→ Activity:
Could you print every line from the first one of the records below through the line containing "Унитаз с инсталляцией", with both included and nothing else?

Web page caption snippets
========

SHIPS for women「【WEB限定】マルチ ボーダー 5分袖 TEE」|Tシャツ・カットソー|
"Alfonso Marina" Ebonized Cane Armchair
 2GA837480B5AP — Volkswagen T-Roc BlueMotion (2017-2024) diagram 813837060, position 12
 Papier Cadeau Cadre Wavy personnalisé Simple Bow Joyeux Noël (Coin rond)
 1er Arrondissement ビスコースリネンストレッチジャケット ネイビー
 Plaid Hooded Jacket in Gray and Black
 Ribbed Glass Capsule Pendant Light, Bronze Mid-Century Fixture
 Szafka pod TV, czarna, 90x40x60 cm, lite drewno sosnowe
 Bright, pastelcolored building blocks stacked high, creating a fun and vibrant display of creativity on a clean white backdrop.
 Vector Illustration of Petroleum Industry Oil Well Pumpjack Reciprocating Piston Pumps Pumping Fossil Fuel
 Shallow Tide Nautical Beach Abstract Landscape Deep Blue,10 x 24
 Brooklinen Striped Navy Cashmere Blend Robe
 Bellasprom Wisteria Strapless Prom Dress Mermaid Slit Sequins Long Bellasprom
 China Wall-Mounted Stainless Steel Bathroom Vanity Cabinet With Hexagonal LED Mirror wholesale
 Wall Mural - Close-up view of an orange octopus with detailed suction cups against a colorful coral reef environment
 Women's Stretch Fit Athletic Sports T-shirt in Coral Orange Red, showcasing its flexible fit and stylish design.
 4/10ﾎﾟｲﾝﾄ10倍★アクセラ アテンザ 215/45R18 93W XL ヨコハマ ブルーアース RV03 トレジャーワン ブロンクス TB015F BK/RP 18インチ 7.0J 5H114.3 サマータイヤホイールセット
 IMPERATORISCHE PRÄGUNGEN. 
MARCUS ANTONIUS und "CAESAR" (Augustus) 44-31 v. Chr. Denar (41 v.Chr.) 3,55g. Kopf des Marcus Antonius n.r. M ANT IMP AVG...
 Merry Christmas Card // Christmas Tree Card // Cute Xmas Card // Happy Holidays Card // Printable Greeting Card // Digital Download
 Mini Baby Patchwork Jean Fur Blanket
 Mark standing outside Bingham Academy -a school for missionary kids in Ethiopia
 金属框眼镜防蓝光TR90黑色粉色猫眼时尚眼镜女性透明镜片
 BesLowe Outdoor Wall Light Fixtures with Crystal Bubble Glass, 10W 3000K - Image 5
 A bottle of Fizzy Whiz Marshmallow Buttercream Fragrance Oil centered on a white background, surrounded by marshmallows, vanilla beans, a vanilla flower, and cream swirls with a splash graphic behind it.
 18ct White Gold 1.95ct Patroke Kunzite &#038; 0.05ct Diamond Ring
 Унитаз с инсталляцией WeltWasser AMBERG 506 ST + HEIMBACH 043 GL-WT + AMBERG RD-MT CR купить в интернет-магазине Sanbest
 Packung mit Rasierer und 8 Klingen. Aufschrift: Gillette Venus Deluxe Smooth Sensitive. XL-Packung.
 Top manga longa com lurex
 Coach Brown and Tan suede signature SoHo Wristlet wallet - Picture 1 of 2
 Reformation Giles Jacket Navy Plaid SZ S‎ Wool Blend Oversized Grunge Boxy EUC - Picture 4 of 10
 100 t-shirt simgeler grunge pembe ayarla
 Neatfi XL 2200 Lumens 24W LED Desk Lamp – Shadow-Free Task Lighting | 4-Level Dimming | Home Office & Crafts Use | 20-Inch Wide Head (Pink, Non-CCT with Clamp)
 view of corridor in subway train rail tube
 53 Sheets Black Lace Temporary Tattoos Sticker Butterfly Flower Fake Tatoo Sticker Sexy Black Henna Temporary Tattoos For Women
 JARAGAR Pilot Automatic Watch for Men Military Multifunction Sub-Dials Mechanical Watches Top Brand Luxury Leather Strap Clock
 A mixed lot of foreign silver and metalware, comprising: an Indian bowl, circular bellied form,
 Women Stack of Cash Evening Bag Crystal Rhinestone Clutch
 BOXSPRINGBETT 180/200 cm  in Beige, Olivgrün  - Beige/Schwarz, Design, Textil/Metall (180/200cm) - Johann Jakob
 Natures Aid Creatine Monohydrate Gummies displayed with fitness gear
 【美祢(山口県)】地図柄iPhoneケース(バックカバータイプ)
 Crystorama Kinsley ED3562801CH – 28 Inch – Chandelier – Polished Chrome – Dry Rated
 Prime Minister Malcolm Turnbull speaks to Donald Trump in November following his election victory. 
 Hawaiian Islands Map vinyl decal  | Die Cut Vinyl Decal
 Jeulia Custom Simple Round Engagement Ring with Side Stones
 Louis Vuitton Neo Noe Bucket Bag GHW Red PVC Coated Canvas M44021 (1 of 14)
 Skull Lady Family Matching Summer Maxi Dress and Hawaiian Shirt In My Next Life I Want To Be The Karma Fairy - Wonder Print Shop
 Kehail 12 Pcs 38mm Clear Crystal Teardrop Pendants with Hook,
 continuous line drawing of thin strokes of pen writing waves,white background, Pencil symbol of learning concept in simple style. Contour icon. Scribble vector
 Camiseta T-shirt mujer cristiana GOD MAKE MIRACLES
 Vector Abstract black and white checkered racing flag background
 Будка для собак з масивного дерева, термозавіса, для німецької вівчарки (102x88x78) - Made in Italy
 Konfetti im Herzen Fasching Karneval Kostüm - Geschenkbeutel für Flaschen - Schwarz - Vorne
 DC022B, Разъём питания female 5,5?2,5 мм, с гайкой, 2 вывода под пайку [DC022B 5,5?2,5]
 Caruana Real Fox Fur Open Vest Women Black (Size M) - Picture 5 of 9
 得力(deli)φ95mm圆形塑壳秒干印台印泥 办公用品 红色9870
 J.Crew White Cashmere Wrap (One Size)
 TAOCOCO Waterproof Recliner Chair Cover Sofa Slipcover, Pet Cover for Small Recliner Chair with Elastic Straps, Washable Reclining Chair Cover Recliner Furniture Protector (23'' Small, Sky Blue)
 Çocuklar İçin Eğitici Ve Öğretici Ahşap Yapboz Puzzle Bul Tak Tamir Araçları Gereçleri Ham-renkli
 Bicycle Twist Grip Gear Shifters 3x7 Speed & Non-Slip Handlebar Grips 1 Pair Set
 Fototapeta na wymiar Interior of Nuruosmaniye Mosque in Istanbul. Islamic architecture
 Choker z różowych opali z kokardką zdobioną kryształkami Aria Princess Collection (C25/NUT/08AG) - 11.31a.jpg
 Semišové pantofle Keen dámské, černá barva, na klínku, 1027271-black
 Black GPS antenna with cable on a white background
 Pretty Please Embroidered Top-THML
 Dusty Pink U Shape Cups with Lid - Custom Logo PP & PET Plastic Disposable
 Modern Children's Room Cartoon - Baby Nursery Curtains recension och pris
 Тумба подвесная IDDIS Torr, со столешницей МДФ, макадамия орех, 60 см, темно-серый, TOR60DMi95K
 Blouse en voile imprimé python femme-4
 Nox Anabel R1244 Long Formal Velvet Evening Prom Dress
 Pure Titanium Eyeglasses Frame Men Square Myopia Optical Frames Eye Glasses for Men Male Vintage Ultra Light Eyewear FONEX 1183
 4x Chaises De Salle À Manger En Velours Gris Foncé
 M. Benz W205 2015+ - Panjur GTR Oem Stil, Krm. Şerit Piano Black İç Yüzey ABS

========

→ Output of the exercise:
SHIPS for women「【WEB限定】マルチ ボーダー 5分袖 TEE」|Tシャツ・カットソー|
"Alfonso Marina" Ebonized Cane Armchair
 2GA837480B5AP — Volkswagen T-Roc BlueMotion (2017-2024) diagram 813837060, position 12
 Papier Cadeau Cadre Wavy personnalisé Simple Bow Joyeux Noël (Coin rond)
 1er Arrondissement ビスコースリネンストレッチジャケット ネイビー
 Plaid Hooded Jacket in Gray and Black
 Ribbed Glass Capsule Pendant Light, Bronze Mid-Century Fixture
 Szafka pod TV, czarna, 90x40x60 cm, lite drewno sosnowe
 Bright, pastelcolored building blocks stacked high, creating a fun and vibrant display of creativity on a clean white backdrop.
 Vector Illustration of Petroleum Industry Oil Well Pumpjack Reciprocating Piston Pumps Pumping Fossil Fuel
 Shallow Tide Nautical Beach Abstract Landscape Deep Blue,10 x 24
 Brooklinen Striped Navy Cashmere Blend Robe
 Bellasprom Wisteria Strapless Prom Dress Mermaid Slit Sequins Long Bellasprom
 China Wall-Mounted Stainless Steel Bathroom Vanity Cabinet With Hexagonal LED Mirror wholesale
 Wall Mural - Close-up view of an orange octopus with detailed suction cups against a colorful coral reef environment
 Women's Stretch Fit Athletic Sports T-shirt in Coral Orange Red, showcasing its flexible fit and stylish design.
 4/10ﾎﾟｲﾝﾄ10倍★アクセラ アテンザ 215/45R18 93W XL ヨコハマ ブルーアース RV03 トレジャーワン ブロンクス TB015F BK/RP 18インチ 7.0J 5H114.3 サマータイヤホイールセット
 IMPERATORISCHE PRÄGUNGEN. 
MARCUS ANTONIUS und "CAESAR" (Augustus) 44-31 v. Chr. Denar (41 v.Chr.) 3,55g. Kopf des Marcus Antonius n.r. M ANT IMP AVG...
 Merry Christmas Card // Christmas Tree Card // Cute Xmas Card // Happy Holidays Card // Printable Greeting Card // Digital Download
 Mini Baby Patchwork Jean Fur Blanket
 Mark standing outside Bingham Academy -a school for missionary kids in Ethiopia
 金属框眼镜防蓝光TR90黑色粉色猫眼时尚眼镜女性透明镜片
 BesLowe Outdoor Wall Light Fixtures with Crystal Bubble Glass, 10W 3000K - Image 5
 A bottle of Fizzy Whiz Marshmallow Buttercream Fragrance Oil centered on a white background, surrounded by marshmallows, vanilla beans, a vanilla flower, and cream swirls with a splash graphic behind it.
 18ct White Gold 1.95ct Patroke Kunzite &#038; 0.05ct Diamond Ring
 Унитаз с инсталляцией WeltWasser AMBERG 506 ST + HEIMBACH 043 GL-WT + AMBERG RD-MT CR купить в интернет-магазине Sanbest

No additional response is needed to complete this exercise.